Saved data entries

┄┄┄┄┄┄

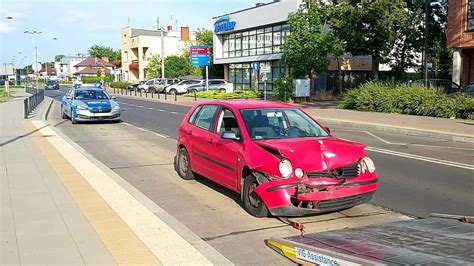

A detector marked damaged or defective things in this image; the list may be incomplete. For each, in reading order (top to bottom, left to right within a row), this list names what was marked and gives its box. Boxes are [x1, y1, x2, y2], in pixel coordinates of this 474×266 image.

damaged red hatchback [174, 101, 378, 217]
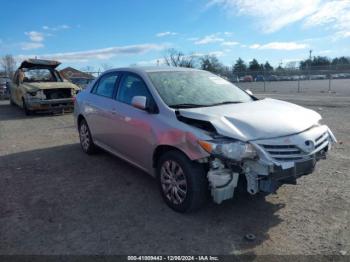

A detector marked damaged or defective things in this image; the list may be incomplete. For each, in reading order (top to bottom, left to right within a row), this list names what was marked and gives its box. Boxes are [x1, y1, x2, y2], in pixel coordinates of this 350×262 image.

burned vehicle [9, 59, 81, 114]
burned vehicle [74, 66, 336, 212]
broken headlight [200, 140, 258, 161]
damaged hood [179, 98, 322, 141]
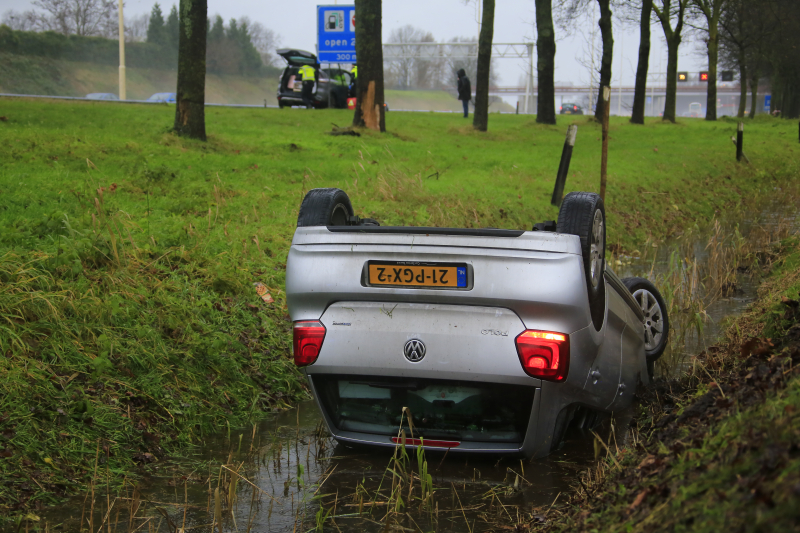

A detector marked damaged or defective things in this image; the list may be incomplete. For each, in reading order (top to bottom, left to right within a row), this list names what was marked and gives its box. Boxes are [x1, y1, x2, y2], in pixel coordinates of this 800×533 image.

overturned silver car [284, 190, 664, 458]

┄┄┄┄┄┄

**Exercise goal**.
You are asked to reproduce word for word the line containing "this 800×533 image." and every subsequent line through the end of the entries.

**Result**.
A detector marked damaged or defective things in this image; the list may be incomplete. For each, in reading order (top to bottom, left to right within a row), this list names what was marked and gives its box. Boxes are [x1, y1, x2, y2], in pixel coordinates of this 800×533 image.

overturned silver car [284, 190, 664, 458]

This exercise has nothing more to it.